The answer must consist solely of the lines from the line with "1996 Ford E150" to the end of the data below, transcribed exactly and with no pictures.

───── GIVEN MATERIAL

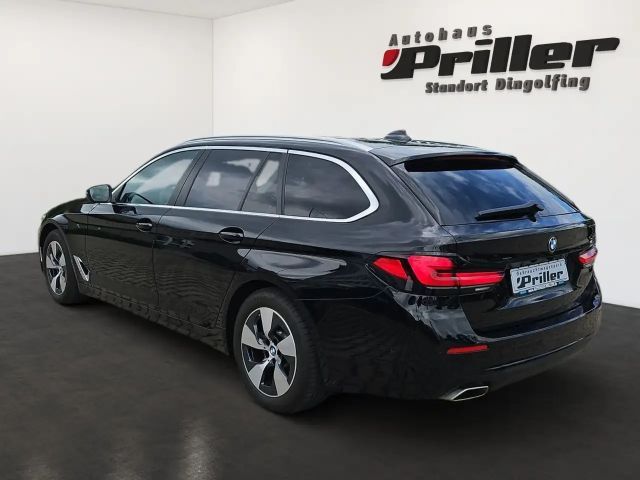 BMW 530 530i Touring xDrive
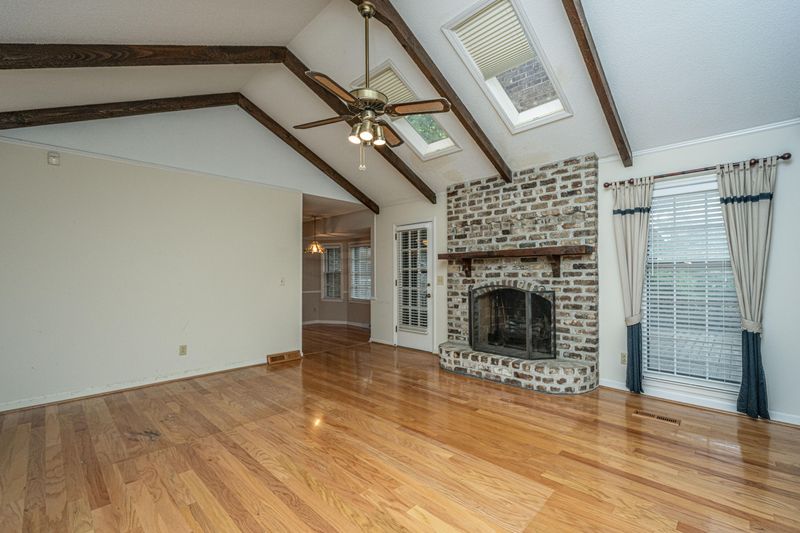19 Brigadier Dr, Charleston, SC 29407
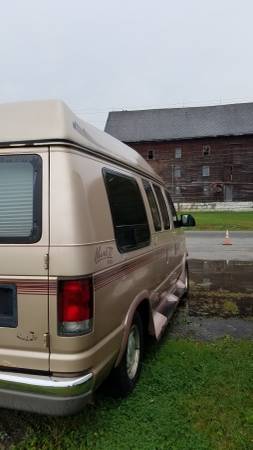 1996 Ford E150 Leisure Van by Mark III for sale in Saint Johnsville, NY – photo 5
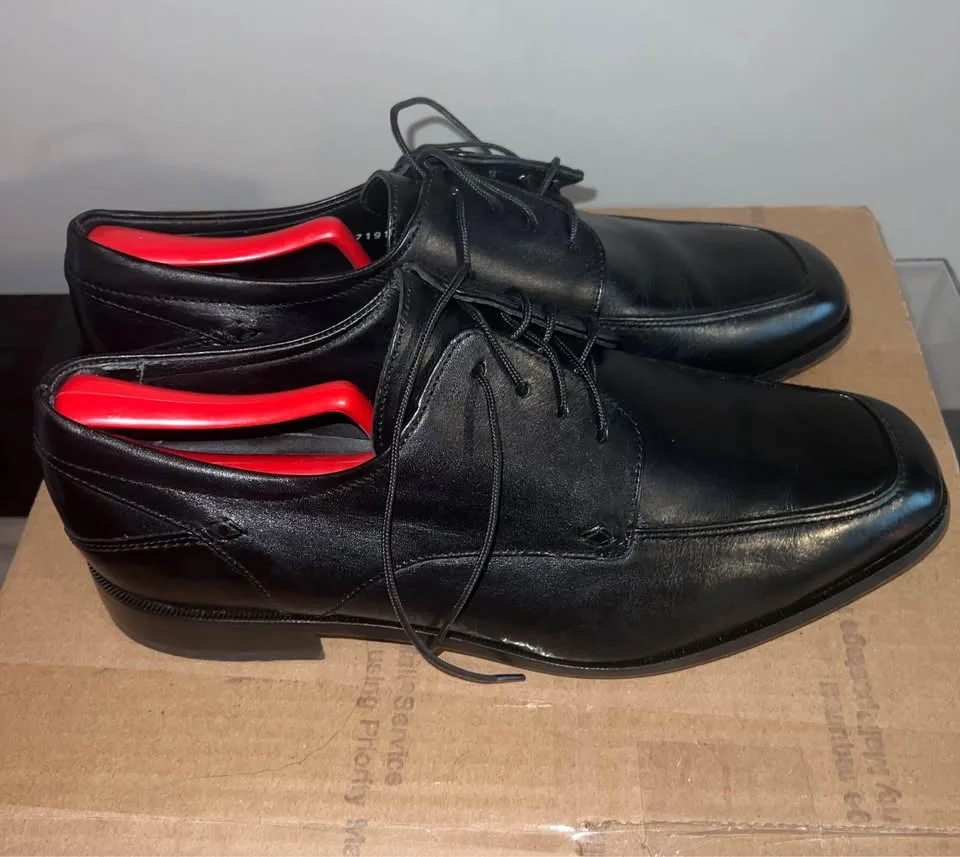 Florsheim Washington Men's Black leather Oxfords Shoes image indicator(2)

──────────

ANSWER AREA =
 1996 Ford E150 Leisure Van by Mark III for sale in Saint Johnsville, NY – photo 5
 Florsheim Washington Men's Black leather Oxfords Shoes image indicator(2)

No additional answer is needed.